Le restaurateur a été ligoté et a donné la recette du restaurant. Couché face contre terre, il a été roué de coups par trois hommes identifiés comme étant Farid Hakima, Pascal Faedda et Lufu Kabongo. Son épouse et sa fille, âgée de 17 ans, ont subi le même sort. Tonino est décédé d’une crise cardiaque le 20 mars dernier. Selon son avocate, il attendait la vérité judiciaire. Les trois suspects nient en bloc et plaident l’irrecevabilité des poursuites en raison de l’inculpation du chef d’enquête pour violation du secret professionnel. « Vous avez volé mon intimité, retourné ma maison », a déclaré la fille des victimes, très émue.
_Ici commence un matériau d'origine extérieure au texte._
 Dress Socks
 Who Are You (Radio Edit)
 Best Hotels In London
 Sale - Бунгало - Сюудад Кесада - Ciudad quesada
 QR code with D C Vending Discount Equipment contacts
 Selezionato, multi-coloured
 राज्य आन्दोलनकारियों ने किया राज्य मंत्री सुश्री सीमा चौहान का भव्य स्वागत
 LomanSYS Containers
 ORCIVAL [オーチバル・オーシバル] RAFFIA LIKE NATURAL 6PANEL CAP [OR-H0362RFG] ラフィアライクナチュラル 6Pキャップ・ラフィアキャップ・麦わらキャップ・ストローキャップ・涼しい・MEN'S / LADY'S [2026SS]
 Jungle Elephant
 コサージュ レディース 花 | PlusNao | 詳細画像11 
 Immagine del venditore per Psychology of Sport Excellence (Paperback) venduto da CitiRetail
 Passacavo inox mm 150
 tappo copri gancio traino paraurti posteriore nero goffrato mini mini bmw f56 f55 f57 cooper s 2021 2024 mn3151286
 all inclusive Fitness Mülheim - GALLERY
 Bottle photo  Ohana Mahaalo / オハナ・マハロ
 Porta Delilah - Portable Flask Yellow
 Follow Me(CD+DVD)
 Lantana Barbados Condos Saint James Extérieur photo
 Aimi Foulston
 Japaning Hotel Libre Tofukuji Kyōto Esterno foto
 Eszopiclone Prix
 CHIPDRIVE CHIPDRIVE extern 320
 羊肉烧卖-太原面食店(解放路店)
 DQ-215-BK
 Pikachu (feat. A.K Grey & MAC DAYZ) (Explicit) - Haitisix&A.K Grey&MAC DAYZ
La descente aux enfers de Stéphane Pauwels

Stéphane Pauwels a pris la parole en cette première journée de procès, il a parlé de sa descente aux enfers, mais il a nié sa participation dans un home-invasion à Lasne.

L’ancien animateur télé, habillé de noir et de bleu, parfois la larme à l’œil, reconnaît ainsi la prise de cocaïne entre septembre 2016 et juin 2018, avant d’estimer qu’il ne pensait pas que la violence prendrait un tel tour dans l’affaire qu’on lui reproche : « Je vivais alors avec Vanessa qui se plaignait sans cesse du harcèlement que son ancien compagnon lui faisait subir. Si je vivais encore à Mouscron, d’où je viens, j’aurais pu parler à un commissaire du coin pour régler le problème. Ici à Braine-l’Alleud, je ne connaissais personne. On a juste eu une main courante. Alors oui, quand Ennif m’a dit qu’il pouvait aller lui faire comprendre qu’il devait arrêter, j’ai juste dit qu’il fallait qu’il arrête de faire chier. J’assume, mais je ne pensais pas que cela irait si loin. » Et faute assumée encore quand deux amis lui feront comprendre qu’ils connaissaient un frère de Farid Hakimi et qu’ils pouvaient lui demander de dire que la famille ne le connaissait pas : « Mais je n’ai jamais donné 5.000 euros pour cela. » Et d’affirmer que le chef d’enquête voulait qu’il charge Farid Hakimi en prétextant qu’il le faisait chanter.

Demain, mardi, le substitut du procureur fédéral, Julien Moinil, présentera son réquisitoire.